• Directions for this task: Go through the listing below from its first line and repeat each line exactly, ending at the line containing "Andreea Esca apare în noul …" and including it.

• Exercise data:
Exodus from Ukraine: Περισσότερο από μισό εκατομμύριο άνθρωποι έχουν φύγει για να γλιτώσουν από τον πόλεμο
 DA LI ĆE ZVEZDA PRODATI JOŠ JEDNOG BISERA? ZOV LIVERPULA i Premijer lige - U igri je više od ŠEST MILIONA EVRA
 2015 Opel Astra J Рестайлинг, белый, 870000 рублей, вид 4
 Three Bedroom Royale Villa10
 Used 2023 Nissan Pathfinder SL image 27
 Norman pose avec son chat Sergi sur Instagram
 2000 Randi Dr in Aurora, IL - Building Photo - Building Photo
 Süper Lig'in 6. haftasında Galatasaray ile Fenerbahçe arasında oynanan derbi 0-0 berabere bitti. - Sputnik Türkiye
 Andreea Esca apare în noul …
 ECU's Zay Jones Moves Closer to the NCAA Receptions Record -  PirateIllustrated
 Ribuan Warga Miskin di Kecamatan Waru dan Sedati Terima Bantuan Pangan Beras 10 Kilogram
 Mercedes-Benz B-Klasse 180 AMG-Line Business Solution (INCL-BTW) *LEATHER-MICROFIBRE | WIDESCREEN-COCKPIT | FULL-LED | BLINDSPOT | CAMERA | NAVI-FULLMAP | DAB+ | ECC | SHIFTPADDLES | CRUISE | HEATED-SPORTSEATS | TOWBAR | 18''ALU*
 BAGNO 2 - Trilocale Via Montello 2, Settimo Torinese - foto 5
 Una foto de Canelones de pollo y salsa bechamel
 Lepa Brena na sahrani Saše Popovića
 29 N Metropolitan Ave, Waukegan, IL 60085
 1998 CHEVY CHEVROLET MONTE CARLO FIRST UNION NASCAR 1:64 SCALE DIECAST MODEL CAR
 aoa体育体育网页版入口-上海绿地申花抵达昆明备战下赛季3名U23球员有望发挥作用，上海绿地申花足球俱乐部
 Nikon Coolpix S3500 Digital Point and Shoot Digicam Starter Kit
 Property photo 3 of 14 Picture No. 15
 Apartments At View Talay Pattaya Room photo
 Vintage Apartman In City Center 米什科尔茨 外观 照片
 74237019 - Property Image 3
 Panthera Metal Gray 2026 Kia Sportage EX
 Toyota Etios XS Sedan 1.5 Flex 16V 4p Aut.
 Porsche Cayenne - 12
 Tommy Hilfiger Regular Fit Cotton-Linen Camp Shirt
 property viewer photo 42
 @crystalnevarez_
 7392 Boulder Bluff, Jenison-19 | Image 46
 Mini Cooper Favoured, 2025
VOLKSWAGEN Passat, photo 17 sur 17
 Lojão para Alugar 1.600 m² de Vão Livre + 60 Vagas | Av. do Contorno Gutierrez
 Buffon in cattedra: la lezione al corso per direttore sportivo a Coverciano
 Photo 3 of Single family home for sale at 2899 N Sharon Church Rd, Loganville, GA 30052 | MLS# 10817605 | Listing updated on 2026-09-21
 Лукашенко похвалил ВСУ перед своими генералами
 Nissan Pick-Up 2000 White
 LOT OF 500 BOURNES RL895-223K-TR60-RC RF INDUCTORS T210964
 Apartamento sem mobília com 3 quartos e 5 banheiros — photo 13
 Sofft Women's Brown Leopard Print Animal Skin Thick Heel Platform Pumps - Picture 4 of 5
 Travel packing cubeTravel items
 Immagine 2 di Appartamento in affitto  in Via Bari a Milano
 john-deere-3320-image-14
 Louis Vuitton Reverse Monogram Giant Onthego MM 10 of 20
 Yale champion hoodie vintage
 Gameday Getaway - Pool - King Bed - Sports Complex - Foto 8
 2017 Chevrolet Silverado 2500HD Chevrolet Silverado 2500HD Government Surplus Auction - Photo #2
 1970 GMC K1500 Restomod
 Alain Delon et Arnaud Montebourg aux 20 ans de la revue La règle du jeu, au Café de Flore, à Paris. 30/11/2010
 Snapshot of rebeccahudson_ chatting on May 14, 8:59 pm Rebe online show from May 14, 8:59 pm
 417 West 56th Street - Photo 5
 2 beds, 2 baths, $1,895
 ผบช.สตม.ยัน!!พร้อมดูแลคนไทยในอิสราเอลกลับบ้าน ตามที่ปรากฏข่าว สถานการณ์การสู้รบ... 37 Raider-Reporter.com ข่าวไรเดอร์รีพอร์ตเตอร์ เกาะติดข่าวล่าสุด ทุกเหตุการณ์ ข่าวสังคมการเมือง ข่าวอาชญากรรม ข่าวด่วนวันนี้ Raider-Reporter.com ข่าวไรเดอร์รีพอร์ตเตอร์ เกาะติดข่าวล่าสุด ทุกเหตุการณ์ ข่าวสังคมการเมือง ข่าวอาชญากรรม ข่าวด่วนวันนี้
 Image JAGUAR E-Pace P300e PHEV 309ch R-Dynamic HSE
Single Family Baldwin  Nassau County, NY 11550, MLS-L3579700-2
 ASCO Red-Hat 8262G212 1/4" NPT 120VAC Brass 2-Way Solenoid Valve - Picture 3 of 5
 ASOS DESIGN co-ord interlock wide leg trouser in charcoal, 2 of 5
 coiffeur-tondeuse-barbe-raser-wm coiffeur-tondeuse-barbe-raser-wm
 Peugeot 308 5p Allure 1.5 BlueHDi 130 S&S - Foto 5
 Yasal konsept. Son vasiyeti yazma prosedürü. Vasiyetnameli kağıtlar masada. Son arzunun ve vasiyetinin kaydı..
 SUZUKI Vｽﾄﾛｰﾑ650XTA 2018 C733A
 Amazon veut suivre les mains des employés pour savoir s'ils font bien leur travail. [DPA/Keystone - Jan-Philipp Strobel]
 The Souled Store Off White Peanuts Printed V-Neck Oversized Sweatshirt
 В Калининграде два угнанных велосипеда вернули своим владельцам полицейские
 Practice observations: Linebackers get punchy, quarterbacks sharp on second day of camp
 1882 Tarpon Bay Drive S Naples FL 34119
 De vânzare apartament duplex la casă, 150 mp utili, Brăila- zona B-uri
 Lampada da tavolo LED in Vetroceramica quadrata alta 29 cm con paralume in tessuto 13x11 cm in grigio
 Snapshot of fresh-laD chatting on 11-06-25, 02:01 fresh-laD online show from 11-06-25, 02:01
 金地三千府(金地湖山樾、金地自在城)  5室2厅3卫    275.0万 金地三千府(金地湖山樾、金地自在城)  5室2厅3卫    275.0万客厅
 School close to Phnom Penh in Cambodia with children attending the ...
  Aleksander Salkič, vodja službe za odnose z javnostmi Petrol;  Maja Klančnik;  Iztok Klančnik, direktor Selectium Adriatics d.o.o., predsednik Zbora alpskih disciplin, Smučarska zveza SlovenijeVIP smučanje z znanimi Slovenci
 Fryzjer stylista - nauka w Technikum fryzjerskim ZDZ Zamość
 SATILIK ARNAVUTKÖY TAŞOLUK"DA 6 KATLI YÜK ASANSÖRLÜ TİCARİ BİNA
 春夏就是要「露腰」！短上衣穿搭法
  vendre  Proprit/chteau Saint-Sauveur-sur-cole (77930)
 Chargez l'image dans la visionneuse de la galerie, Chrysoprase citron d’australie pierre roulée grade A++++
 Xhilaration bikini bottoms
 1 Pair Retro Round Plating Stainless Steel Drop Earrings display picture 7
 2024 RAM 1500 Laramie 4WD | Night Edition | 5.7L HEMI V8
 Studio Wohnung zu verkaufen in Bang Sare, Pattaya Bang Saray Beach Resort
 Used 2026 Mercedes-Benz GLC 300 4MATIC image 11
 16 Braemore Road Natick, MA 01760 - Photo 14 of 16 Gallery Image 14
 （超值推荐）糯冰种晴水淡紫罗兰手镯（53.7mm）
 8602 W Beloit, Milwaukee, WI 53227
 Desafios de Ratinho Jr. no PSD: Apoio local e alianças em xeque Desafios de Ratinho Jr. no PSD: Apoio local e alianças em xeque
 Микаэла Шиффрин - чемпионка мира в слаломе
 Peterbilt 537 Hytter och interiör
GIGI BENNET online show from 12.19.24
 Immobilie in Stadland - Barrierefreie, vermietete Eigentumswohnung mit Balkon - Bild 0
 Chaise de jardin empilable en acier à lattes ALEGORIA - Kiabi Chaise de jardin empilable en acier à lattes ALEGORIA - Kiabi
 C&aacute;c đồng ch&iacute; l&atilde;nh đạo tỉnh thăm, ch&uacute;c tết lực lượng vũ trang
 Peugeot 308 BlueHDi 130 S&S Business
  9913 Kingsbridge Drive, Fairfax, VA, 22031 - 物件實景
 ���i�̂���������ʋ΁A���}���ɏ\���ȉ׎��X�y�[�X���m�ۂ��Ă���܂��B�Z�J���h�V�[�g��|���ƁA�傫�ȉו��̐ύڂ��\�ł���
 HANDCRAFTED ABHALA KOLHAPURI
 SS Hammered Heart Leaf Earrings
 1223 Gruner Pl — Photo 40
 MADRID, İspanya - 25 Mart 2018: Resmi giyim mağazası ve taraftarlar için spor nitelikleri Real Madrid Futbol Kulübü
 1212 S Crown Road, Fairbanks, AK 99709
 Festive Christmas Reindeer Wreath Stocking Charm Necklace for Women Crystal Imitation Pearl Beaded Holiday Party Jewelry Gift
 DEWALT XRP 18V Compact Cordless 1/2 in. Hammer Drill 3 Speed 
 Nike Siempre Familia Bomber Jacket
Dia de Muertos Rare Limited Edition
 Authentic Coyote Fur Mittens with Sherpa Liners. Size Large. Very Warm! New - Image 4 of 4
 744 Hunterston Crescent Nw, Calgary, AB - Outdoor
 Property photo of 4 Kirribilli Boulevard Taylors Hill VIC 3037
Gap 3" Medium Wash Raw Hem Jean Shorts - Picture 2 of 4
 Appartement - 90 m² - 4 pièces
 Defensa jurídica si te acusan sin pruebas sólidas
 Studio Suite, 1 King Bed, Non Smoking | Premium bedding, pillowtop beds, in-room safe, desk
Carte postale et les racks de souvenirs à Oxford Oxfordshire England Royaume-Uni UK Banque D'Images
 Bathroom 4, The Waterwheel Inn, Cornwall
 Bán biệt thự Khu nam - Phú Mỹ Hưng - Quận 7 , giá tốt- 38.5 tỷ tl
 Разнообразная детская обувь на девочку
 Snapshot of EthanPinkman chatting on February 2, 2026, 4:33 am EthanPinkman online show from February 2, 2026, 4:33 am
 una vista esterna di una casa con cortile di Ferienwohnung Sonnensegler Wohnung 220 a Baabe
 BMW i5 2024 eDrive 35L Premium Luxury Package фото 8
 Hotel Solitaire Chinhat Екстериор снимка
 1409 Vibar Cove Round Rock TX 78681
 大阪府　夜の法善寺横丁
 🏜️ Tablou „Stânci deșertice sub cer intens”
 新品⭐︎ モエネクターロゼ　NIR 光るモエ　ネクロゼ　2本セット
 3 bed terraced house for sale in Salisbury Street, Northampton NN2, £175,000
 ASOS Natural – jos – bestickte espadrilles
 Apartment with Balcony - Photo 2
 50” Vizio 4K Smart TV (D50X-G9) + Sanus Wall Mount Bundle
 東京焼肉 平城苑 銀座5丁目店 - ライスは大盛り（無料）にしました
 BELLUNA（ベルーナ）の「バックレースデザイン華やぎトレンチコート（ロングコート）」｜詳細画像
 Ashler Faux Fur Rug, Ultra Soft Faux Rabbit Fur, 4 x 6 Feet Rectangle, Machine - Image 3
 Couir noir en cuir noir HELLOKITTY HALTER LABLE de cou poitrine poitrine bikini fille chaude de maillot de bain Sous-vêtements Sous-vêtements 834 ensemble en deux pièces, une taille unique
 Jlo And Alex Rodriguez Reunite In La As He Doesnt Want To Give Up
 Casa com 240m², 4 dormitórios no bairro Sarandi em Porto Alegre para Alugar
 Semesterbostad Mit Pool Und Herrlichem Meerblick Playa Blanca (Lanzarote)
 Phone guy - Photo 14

• Result:
Exodus from Ukraine: Περισσότερο από μισό εκατομμύριο άνθρωποι έχουν φύγει για να γλιτώσουν από τον πόλεμο
 DA LI ĆE ZVEZDA PRODATI JOŠ JEDNOG BISERA? ZOV LIVERPULA i Premijer lige - U igri je više od ŠEST MILIONA EVRA
 2015 Opel Astra J Рестайлинг, белый, 870000 рублей, вид 4
 Three Bedroom Royale Villa10
 Used 2023 Nissan Pathfinder SL image 27
 Norman pose avec son chat Sergi sur Instagram
 2000 Randi Dr in Aurora, IL - Building Photo - Building Photo
 Süper Lig'in 6. haftasında Galatasaray ile Fenerbahçe arasında oynanan derbi 0-0 berabere bitti. - Sputnik Türkiye
 Andreea Esca apare în noul …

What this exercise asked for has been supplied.